Wednesday, March 04, 2009

The Utility of Perkins Loans

While President Obama's proposal to end subsidies to private student loan companies may have been his boldest financial aid move in the budget, his proposal to expand the Perkins Loan program was the most surprising. Starting with Eisenhower, presidents have been trying to cut the Perkins Loan program and, given Obama's big moves on Stafford Loans and Pell Grants, I would have expected Perkins Loans to be on the chopping block in the 2010 budget.

Instead, the President is proposing to fix some longstanding inequities in the program, expand it, and use it as leverage to get colleges and universities to do other things he wants, like keep tuition increases low and give out more need-based financial aid. Perkins loans are unusual because colleges originate and service the loans using a revolving loan pool funded by the government -- colleges also get substantial discretion in deciding which "exceptionally needy" students get the loans. This discretion, combined with a distribution formula that results in wealthier, more expensive colleges getting more funds, make it a popular program among private colleges and universities.

Perhaps the President decided that, rather than fighting the higher ed establishment over cutting the program, he would use its popularity with some of the oldest and most influential campuses to leverage bigger changes in higher education. Not a bad trade-off, especially since the $1.1 billion Perkins Loan program is small relative to the $40+ billion Stafford Loan Program, but ultimately Perkins Loans are duplicative and don't help to simplify the complicated tangle of financial aid programs. And with other proposed changes in the budget, they won't even be the best loan deal for students anymore.

Used as an additional source of loan funds for the neediest students, Perkins loans have generally had the most generous terms of the three federal loan programs - the lowest interest rate at 5%, subsidized interest during school, and flexibility during repayment. But President Obama is proposing to eliminate the in-school interest rate subsidies and the Stafford Subsidized loan program will have a lower interest rate by the 2010 school year (4.5%) thanks to the Democrats' 2008 legislation cutting interest rates in half.

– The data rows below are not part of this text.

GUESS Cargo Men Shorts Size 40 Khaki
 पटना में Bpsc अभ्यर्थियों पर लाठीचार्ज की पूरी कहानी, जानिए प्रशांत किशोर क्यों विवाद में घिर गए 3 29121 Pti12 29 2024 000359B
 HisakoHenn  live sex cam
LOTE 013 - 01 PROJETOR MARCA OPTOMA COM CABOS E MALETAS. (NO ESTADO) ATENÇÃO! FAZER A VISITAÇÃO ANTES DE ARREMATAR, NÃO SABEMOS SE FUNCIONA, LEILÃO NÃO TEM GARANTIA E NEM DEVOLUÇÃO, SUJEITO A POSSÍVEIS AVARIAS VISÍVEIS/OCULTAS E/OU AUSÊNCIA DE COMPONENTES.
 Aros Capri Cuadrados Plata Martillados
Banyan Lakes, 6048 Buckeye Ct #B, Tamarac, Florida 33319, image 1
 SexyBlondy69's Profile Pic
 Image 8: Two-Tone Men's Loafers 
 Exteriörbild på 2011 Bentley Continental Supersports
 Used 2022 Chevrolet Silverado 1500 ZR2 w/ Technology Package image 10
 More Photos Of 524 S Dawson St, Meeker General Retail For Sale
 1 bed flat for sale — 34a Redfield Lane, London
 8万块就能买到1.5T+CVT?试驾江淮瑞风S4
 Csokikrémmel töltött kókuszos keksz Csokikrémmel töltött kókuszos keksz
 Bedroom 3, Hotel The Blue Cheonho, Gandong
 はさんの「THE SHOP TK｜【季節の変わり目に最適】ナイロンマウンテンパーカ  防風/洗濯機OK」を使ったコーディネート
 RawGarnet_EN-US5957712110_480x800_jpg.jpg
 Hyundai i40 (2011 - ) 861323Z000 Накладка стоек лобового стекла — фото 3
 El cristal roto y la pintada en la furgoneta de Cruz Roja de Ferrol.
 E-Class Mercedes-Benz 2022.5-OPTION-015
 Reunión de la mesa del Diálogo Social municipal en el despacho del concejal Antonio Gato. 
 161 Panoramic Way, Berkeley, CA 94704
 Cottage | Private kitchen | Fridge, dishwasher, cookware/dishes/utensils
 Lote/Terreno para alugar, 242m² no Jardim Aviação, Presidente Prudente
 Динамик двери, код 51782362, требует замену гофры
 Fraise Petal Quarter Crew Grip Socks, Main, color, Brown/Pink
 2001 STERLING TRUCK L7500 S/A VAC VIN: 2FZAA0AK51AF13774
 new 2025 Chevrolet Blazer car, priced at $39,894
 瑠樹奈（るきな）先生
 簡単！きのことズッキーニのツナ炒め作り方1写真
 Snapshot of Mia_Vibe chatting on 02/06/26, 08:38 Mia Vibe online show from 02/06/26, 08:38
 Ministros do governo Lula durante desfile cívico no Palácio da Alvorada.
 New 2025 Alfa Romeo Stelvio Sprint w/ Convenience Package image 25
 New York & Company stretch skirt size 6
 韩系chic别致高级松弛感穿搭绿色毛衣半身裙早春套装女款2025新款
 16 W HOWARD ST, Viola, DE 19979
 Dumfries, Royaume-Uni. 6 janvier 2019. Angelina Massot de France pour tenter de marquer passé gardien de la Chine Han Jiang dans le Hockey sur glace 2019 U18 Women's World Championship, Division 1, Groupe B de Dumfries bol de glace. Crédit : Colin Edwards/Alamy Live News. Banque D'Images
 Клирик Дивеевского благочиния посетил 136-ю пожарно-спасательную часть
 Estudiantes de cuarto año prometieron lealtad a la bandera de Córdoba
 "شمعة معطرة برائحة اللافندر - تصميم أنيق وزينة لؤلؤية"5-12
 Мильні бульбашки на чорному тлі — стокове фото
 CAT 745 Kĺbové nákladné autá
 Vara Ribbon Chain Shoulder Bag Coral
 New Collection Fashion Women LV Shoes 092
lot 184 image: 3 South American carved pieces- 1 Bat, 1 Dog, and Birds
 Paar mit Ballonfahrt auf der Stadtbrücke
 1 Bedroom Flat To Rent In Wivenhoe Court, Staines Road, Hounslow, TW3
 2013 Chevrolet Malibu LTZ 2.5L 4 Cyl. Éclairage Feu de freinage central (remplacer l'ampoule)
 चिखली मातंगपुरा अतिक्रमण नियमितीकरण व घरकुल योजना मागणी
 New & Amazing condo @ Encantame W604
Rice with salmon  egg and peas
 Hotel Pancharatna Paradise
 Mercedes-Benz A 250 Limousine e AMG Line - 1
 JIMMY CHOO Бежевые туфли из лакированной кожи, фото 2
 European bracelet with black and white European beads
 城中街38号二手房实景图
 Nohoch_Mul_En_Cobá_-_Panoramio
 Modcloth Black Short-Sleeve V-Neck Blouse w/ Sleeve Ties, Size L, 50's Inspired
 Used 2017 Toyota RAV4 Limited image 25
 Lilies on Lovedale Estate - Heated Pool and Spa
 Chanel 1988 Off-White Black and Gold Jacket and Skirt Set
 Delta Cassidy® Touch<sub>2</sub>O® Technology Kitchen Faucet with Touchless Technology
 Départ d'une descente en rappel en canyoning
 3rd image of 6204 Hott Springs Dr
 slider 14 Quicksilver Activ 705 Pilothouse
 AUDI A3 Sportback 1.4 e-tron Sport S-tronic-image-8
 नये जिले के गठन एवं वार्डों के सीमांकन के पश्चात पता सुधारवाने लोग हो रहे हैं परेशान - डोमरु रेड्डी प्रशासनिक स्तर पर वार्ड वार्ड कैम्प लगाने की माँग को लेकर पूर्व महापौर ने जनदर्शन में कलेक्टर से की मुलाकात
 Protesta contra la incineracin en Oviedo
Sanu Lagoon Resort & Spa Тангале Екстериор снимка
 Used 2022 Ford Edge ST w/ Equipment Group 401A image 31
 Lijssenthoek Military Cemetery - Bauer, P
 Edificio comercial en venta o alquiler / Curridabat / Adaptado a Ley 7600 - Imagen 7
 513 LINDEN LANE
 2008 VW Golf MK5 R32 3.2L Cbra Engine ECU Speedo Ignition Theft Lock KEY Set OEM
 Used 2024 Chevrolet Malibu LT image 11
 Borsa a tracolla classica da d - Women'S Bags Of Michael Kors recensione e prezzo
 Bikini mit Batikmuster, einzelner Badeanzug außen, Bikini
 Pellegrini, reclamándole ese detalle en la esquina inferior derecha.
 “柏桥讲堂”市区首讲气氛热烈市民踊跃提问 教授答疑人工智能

There are better ways to increase aid for low-income students than expanding the Perkins Loan program, including raising limits on the Subsidized Student loan program (now that it has a super-low interest rate) or using funds from cutting the Perkins Loan program to further increase Pell grants. The utility of expanding the Perkins Loan program isn't to provide more aid to students (there are better and easier ways to do that), the utility of the program is that it provides a point of leverage for the federal government among staunchly independent private (and public) colleges.